Big, Bigger Biggest

1. Big, Bigger Biggest Large scale issues: Phrase queries and common words OCR Tom Burton West Hathi Trust Project

2. Hathi Trust Large Scale Search Challenges • Goal: Design a system for full-text search that will scale to 5 million to 20 million volumes (at a reasonable cost.) • Challenges: • Must scale to 20 million full-text volumes • Very long documents compared to most large-scale search applications • Multilingual collection • OCR quality varies

3. Index Size, Caching, and Memory Our documents average about 300 pages which is about 700KB of OCR. Our 5 million document index is between 2 and 3 terabytes. About 300 GB per million documents Large index means disk I/O is bottleneck Tradeoff JVM vs OS memory Solr uses OS memory (disk I/O caching) for caching of postings Memory available for disk I/O caching has most impact on response time (assuming adequate cache warming) Fitting entire index in memory not feasible with terabyte size index

4. Response time varies with query Average: 673 Median: 91 90th: 328 99th: 7,504

5. Slowest 5 % of queries • The slowest 5% of queries took about 1 second or longer. • The slowest 1% of queries took between 10 seconds and 2 minutes. • Slowest 0.5% of queries took between 30 seconds and 2 minutes • These queries affect response time of other queries • Cache pollution • Contention for resources • Slowest queries are phrase queries containing common words

6. Query processing Phrase queries use position index (Boolean queries do not). Position index accounts for 85% of index size Position list for common words such as “the” can be many GB in size This causes lots of disk I/O . Solr depends on the operating systems disk cache to reduce disk I/O requirements for words that occur in more than one query I/O from Phrase queries containing common words pollutes the cache

7. Slow Queries Slowest test query: “the lives and literature of the beat generation” took 2 minutes. 4MB data read for Boolean query. 9,000+ MB read for Phrase query.

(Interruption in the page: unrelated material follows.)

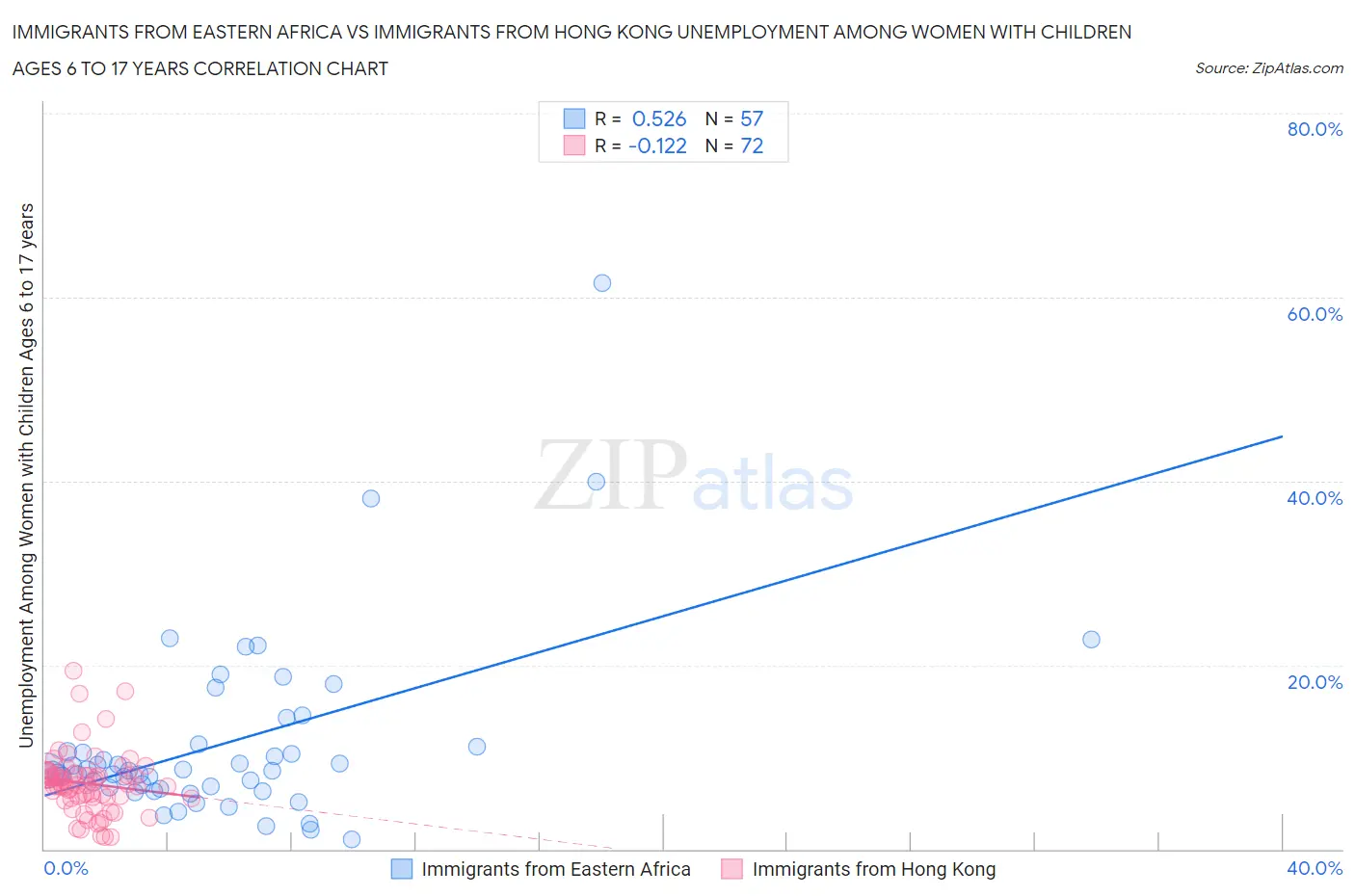 Immigrants from Eastern Africa vs Immigrants from Hong Kong Unemployment Among Women with Children Ages 6 to 17 years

8. Why not use Stop Words? The word “the” occurs more than 4 billion times in our 1 million document index. Removing “stop” words (“the”, “of” etc.) not desirable for our use cases. Couldn’t search for many phrases “to be or not to be” “the who” “man in the moon” vs. “man on the moon” Stop words in one language are content words in another language German stop words “war” and “die” are content words in English English stop words “is” and “by” are content words (“ice” and “village”) in Swedish

9. “CommonGrams” Ported Nutch “CommonGrams” algorithm to Solr Create Bi-Grams selectively for any two word sequence containing common terms Slowest query: “The lives and literature of the beat generation” “the-lives” “lives-and” “and-literature” “literature-of” “of-the” “the-beat” “generation”

10. Standard index vs. CommonGrams Standard Index Common Grams

11. Comparison of Response time (ms)

12. Other issues • Analyze your slowest queries • We analyzed the slowest queries from our query logs and discovered additional “common words” to be added to our list. • We used Solr Admin panel to run our slowest queries from our logs with the “debug” flag checked. • We discovered that words such as “l’art” were being split into two token phrase queries. • We used the Solr Admin Analysis tool and determined that the analyzer we were using was the culprit.

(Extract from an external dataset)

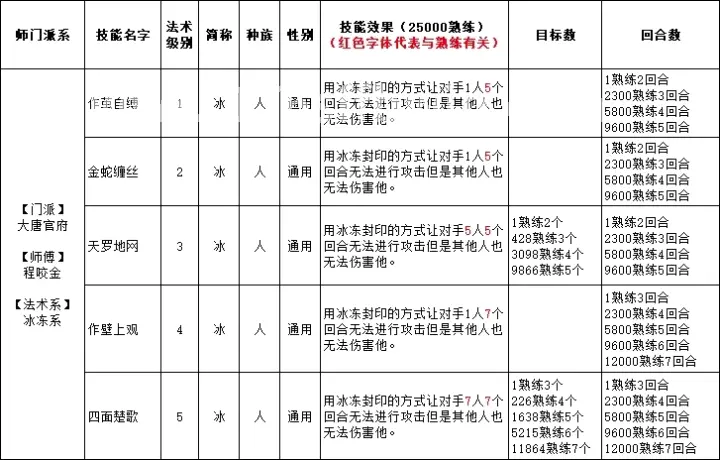 传奇PK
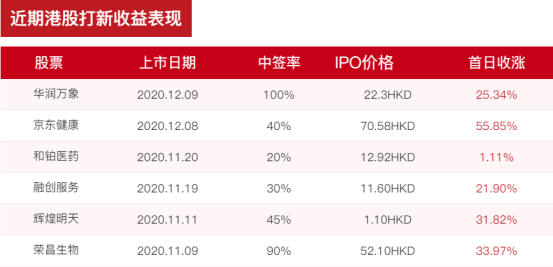 2024香港全年免费资料,探索最佳购买选择_日常版B97.980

13. Other issues • We broke Solr … temporarily • Dirty OCR in combination with over 200 languages creates indexes with over 2.4 billion unique terms • Solr/Lucene index size was limited to 2.1 Billion unique terms • Patched: Now it’s 274 Billion • Dirty OCR is difficult to remove without removing “good” words. • Because Solr/Lucene tii/tis index uses pointers into the frequency and position files we suspect that the performance impact is minimal compared to disk I/O demands, but we will be testing soon.